According to a recent report, trout fishing in North Carolina has an annual economic impact of $1.38 billion. Additionally, trout anglers are among North Carolina’s over 1.4 million paid fishing license holders that generate over $28 million in fishing license sales and $13 million in matching federal funds. To support this resource, the North Carolina Wildlife Resources Commission maintains a cold-water stocking program that raises one million brook, brown, and rainbow trout annually to be stocked in North Carolina’s trout streams.

Stream buffers help conserve riparian zones that are critical components of healthy aquatic ecosystems. In addition to promoting bank stabilization, habitat connectivity, and reducing flood risk, stream buffer zones significantly reduce erosion and sedimentation.

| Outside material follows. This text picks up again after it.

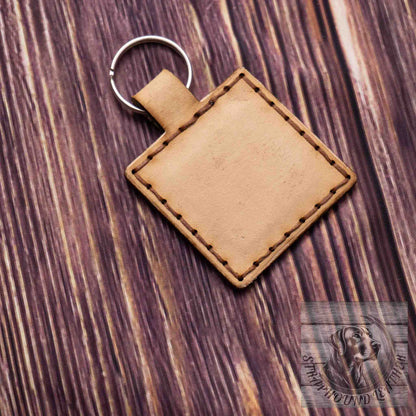 photo showing a square natural leather keychain with a blank side on a wood grain background.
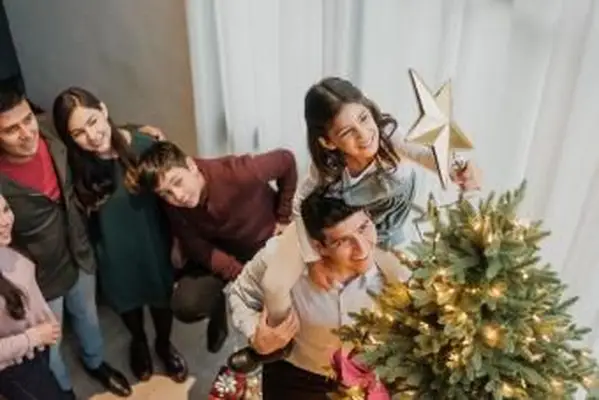 menina colocando estrela na árvore de natal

Trout can only survive in a narrow range of cold-water temperatures that are dependent on low sedimentation rates and abundant shade, both of which are provided by sufficient stream buffers. In the absence of stream buffers, uncontrolled erosion and sedimentation can threaten North Carolina’s trout fisheries.

Senate Bill 613 would require that new agricultural operations maintain a 25-foot stream buffer zone along waters classified as trout waters by the Environmental Management Commission. The proposed legislation would only impact new agricultural operations. The exemption from stream buffer requirements for already existing agricultural lands would remain intact.

The Congressional Sportsmen’s Foundation (CSF) encourages the North Carolina House of Representatives to send Senate Bill 613 to Governor Cooper’s desk before the end of the short session. CSF appreciates the leadership of the bill sponsors and will continue to work with the North Carolina Legislative Sportsmen’s Caucus and partners to advocate for policies that support trout conservation and angler access in North Carolina.